Lebanon’s agricultural sector is gradually working toward recovery following significant damage caused by years of conflict, with renewed optimism stemming from the reopening of Gulf markets, particularly Saudi Arabia. Farmers and officials emphasize that efforts to restore farmland, production capacity, and export routes face numerous obstacles, including contamination from unexploded ordnance in southern regions.
Agriculture remains a critical component of Lebanon’s economy, contributing about 9 percent of the country’s gross domestic product (GDP), while food industries account for an additional 4 percent, according to Minister of Agriculture Nizar Hani. The sector as a whole represents roughly 13 percent of Lebanon’s GDP. Hani reported that approximately 22.5 percent of agricultural land—around 56,000 hectares—was damaged by what he described as attacks, with most of the affected areas located in southern Lebanon and northern parts of the Bekaa Valley, including Baalbek and Hermel.
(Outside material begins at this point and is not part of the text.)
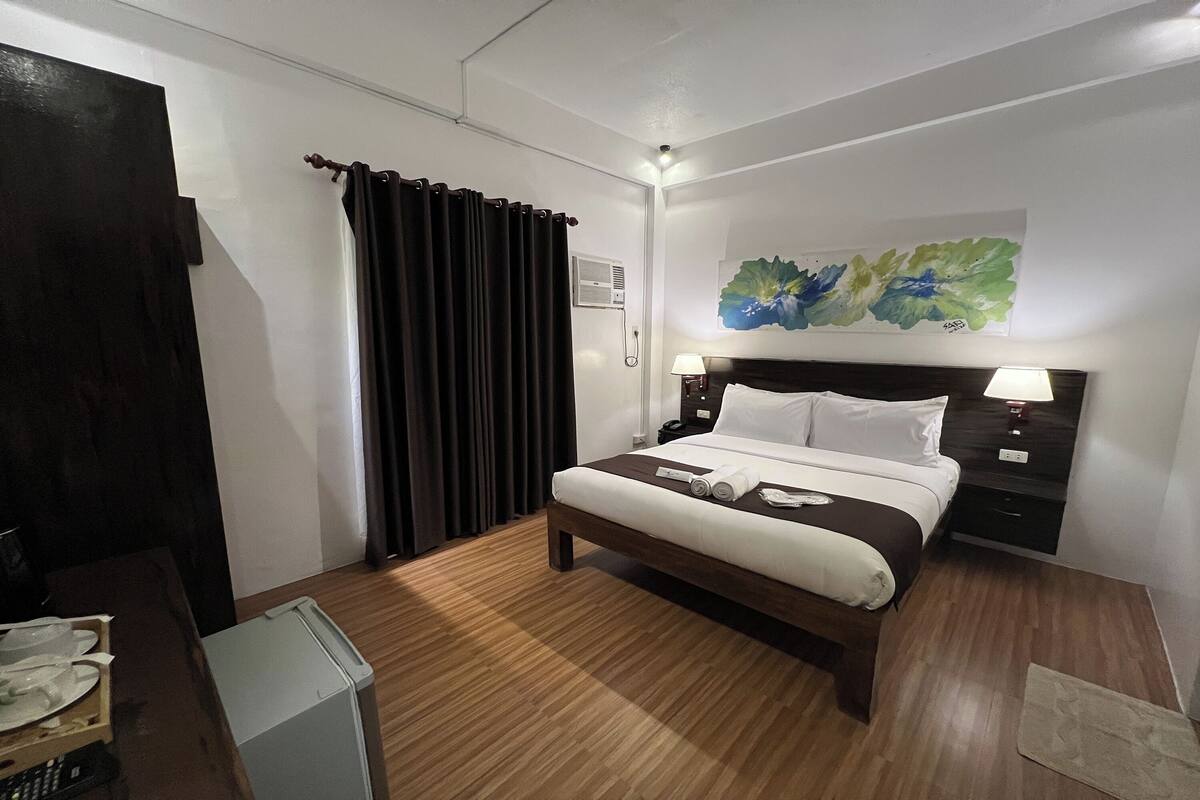 A hotel room with a bed, a nightstand, a wall-mounted air conditioner, and a painting.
Despite such damage, Lebanon entered its peak agricultural season with sufficient production in other regions, helping to mitigate shortages. Southern Lebanon, typically responsible for 90 percent of the country’s banana production and 70 percent of its citrus, suffered heavy losses. However, unaffected areas have continued to supply both domestic markets and neighboring countries such as Syria, Jordan, and Iraq. The ministry previously noted that 78 percent of southern farmers had ceased operations during recent conflicts, highlighting the sector’s vulnerability.
The decision by Saudi Arabia to resume imports of Lebanese agricultural products, suspended since 2020, has been a pivotal development. Gulf Cooperation Council (GCC) countries have historically been major buyers of Lebanese agricultural exports, accounting for 45 percent of total exports prior to 2020. Saudi Arabia received 13 percent, Kuwait 12.5 percent, and Qatar, the UAE, Oman, and Bahrain collectively accounted for the remainder. Exports were valued at $242 million in 2020, with around 200,000 tons of fruits, vegetables, and derivatives shipped to Gulf markets.
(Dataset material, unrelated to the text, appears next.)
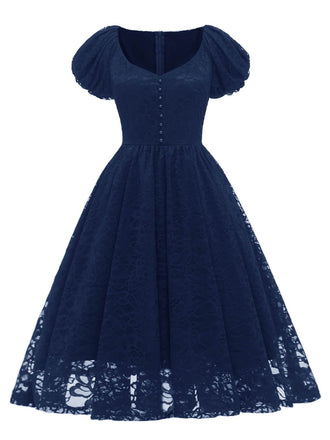 Abito in pizzo con perline e maniche a sbuffo anni '50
The sector faced its most challenging year in 2024 when the suspension on Saudi imports led to a sharp reduction of exports to Gulf countries, dropping to roughly 77,000 tons. Hani noted that reopening Saudi markets has restored confidence among farmers and exporters, offering a pathway to regain lost share in Gulf markets. The Agriculture Ministry has also focused on improving quality control, traceability, and compliance with international standards to enhance competitiveness.
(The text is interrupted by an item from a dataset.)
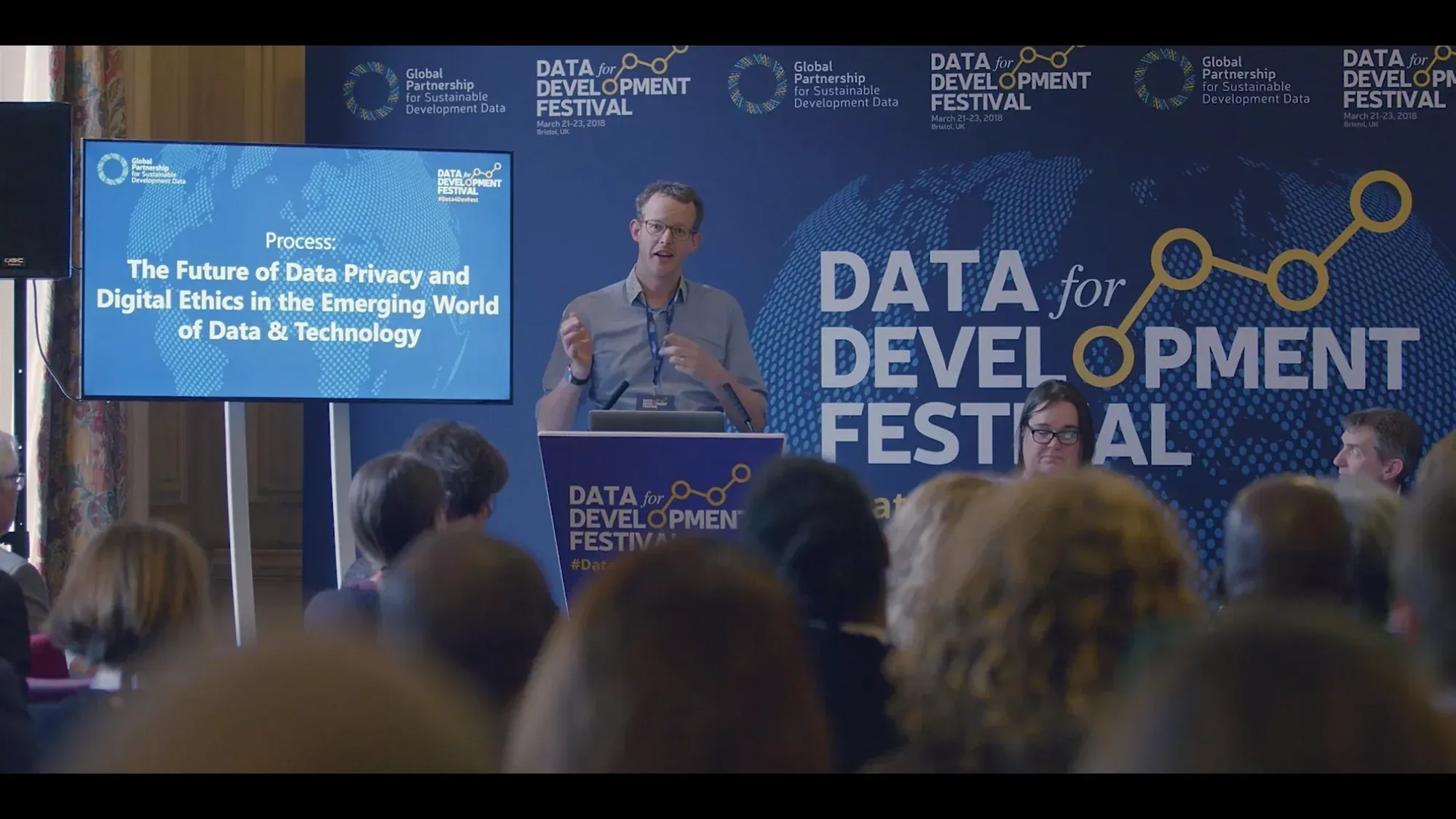 Speaker presenting at the Data for Development Festival in Bristol, filmed by Floating Harbour.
Economic analysts see this resumption as the start of strengthened agricultural and economic cooperation between Lebanon and the GCC. Mohammad Choucair, head of Lebanese Economic Bodies, observed that Lebanon lost five years of export activity during the suspension, while Saudi Arabia’s economy continued to grow. He added that rapid resumption of export and shipping activities has bolstered the private sector, underscoring ongoing regional support.
Challenges remain beyond direct conflict damage. Reda Al-Mays, head of the Agriculture Committee at Lebanon’s Economic, Social and Environmental Council, cited indirect impacts such as fuel and fertilizer price increases that raise production costs even in unaffected areas. Antoine Hawik, head of the Lebanese Farmers Association, noted that economic pressures from the war have suppressed domestic demand, making export markets crucial for recovery. He recalled that before the crisis, Lebanon exported substantial quantities of fruits and vegetables through land crossings, including 350,000 tons annually.
While full restoration of pre-crisis export levels will require time, guaranteed market access through reopened transit routes is expected to incentivize farmers to expand cultivation and rebuild production, offering a hopeful outlook for Lebanon’s agricultural sector moving forward.